No one, of course, expects foreign aid to be eliminated. To the contrary, the Administration has already indicated that it wants to increase assistance to Russia and other former Soviet states struggling to stabilize their infant democracies.
Nor, with the Middle East peace process in a fragile state of flux, is a serious challenge to aid for Egypt and Israel likely this year despite the fact that they together receive more than one-third of the entire U.S. foreign aid budget.
But Turkey and other recipients in Asia and Africa could be in line for further cuts, and even Israel and Egypt cannot count on such high levels of assistance in the years ahead, many lawmakers warn.
While they would like to let the Administration present its reform proposals first, a number of House and Senate Democrats are privately voicing impatience with the slowness of the State Department review, which is headed by Deputy Secretary of State Clifford Wharton.

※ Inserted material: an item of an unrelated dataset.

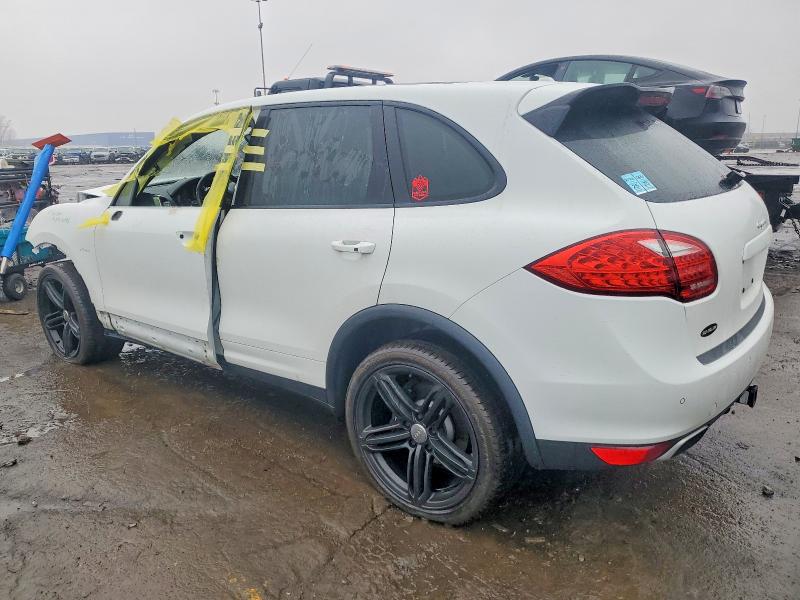 Photo 2 from auction – 2013 PORSCHE CAYENNE with VIN WP1AF2A26DLA36552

A State Department spokesman said Wharton is working on the problem, but congressional aides complain that--with so many senior State Department positions still unfilled--there is no one in the new Administration who seems to know what is going on.
The Administration “deserves time to develop a strategy for reform . . . but we cannot wait until April,” said Leahy, who, along with his appropriations counterpart in the House, Rep. David R. Obey (D-Wis.), has scheduled hearings on foreign aid reform over the next two months.

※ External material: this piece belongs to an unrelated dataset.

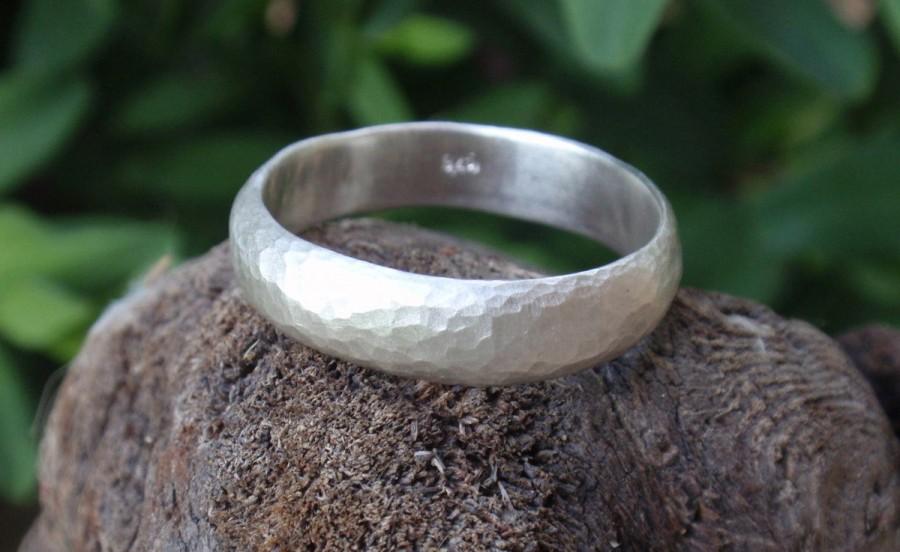 زفاف - mens hammered wedding ring man wedding band ring 5mm wide mens ring sterling silver mens gifts recycled jewelry textured ring, sizes 3 to 16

“We can’t wait much longer,” agreed Rep. Benjamin A. Gilman of New York, the ranking Republican on the House Foreign Affairs Committee. “We need funds to support stability in the former Soviet Union and for other critical areas like Bosnia, the Middle East and Africa . . . but it’s not going to be easy to resist demands for cutbacks.” For one thing, Gilman said, many of the 110 new members of Congress were elected on promises to reduce the deficit and eliminate wasteful spending.

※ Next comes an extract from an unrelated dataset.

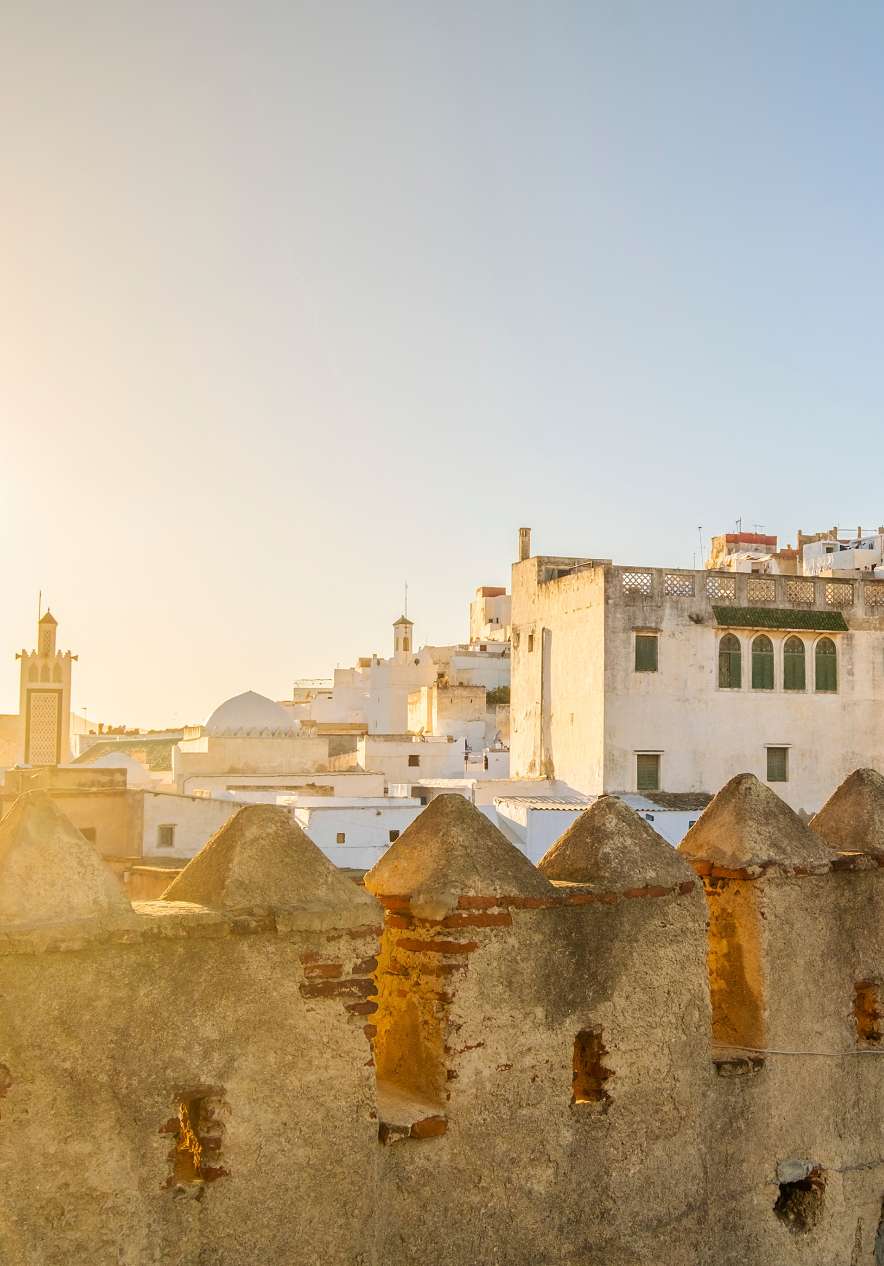 Hospédate en Pestana Tanger City Center y visita la medina de Tetuán con su arquitectura árabe y andaluza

Yet for all the agreement on the need for reform, there are widespread differences over how it should be accomplished.
Everyone agrees that the existing rationale for foreign aid, which remains essentially unchanged since the 1950s and is premised on the need to contain communism, has to be revised now that the Cold War has been won. Democrats and Republicans alike also agree that the program has become so overgrown with regulations, limitations and conflicting purposes that the bureaucracy that administers it is in virtual gridlock.
But the consensus falls apart when it comes to proposed changes. Should the Agency for International Development be overhauled, or scrapped altogether, with its functions taken over by the State Department? If containment is no longer the key to U.S. security interests, what is?
While these aims are not mutually exclusive, how many of them can the United States afford to promote without spreading its aid too thinly to be effective anywhere? And if the United States cannot do everything everywhere, where should it focus its efforts?
Several reform initiatives are already under way.
Sen. David L. Boren (D-Okla.), for instance, is promoting an aid-for-trade bill that would require recipient countries to spend their aid on U.S.-built projects, converting foreign assistance into export financing just as the Japanese and many European countries do.
The George Bush Administration strongly opposed the bill last year on the grounds that it would “severely restrict” the President’s ability to manage foreign policy. But Sen. Mitch McConnell of Kentucky, the ranking Republican on Leahy’s Appropriations subcommittee, says Republicans increasingly support the measure.
“There is a lot of interest in the Senate in tying our aid to the purchases of U.S. goods and services. . . . The further you move away from the argument that there is some economic benefit to the American people in foreign aid, the tougher it is to sell,” McConnell said.